EDIT2: Falls du es warum auch immer auf deine Art lösen willst:
Hiermit kannst du herausfinden, ob ein Jahr ein Schaltjahr ist
DateTime.IsLeapYear() Method in C#


----------



## werner_sg (22. Juni 2021)

Zvoni hat gesagt.:


> Entweder Spykes Lösung (und "geht nicht" ist keine Fehlermeldung, hier dann weiter forschen, warum es nicht geht), oder meine "Krücken"-Lösung (entweder über ticks-Eigenschaft) oder hart in Integer bzw.
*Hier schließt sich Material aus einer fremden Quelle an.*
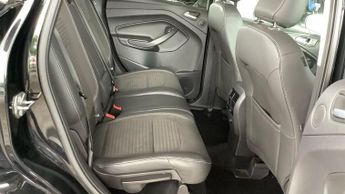 FORD KUGA 2.0 TDCi Titanium SUV 5dr Diesel Powershift Euro 6 (120 ps)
Double casten, und voneinander subtrahieren.
> 
> Ich kann mir nicht vorstellen, dass eine "moderne" Sprache wie C# gegenüber vb6/vba so im Nachteil wäre.
> In dem einen Link den ich eingehängt habe wird sogar erwähnt den VB.NET-Namespace einzubinden, und deren DateDiff-Funktion zu benutzen
> ...


Alle Lösungen funktionierten leider nur innerhalb eines Jahres, also wenn das Anfangsdatum im Jahr 2020 liegt und das Enddatum ebenfalls in 2020 liegt, Probleme gibt es erst wenn der Anfang in 2020 liegt und das Ende in 2021.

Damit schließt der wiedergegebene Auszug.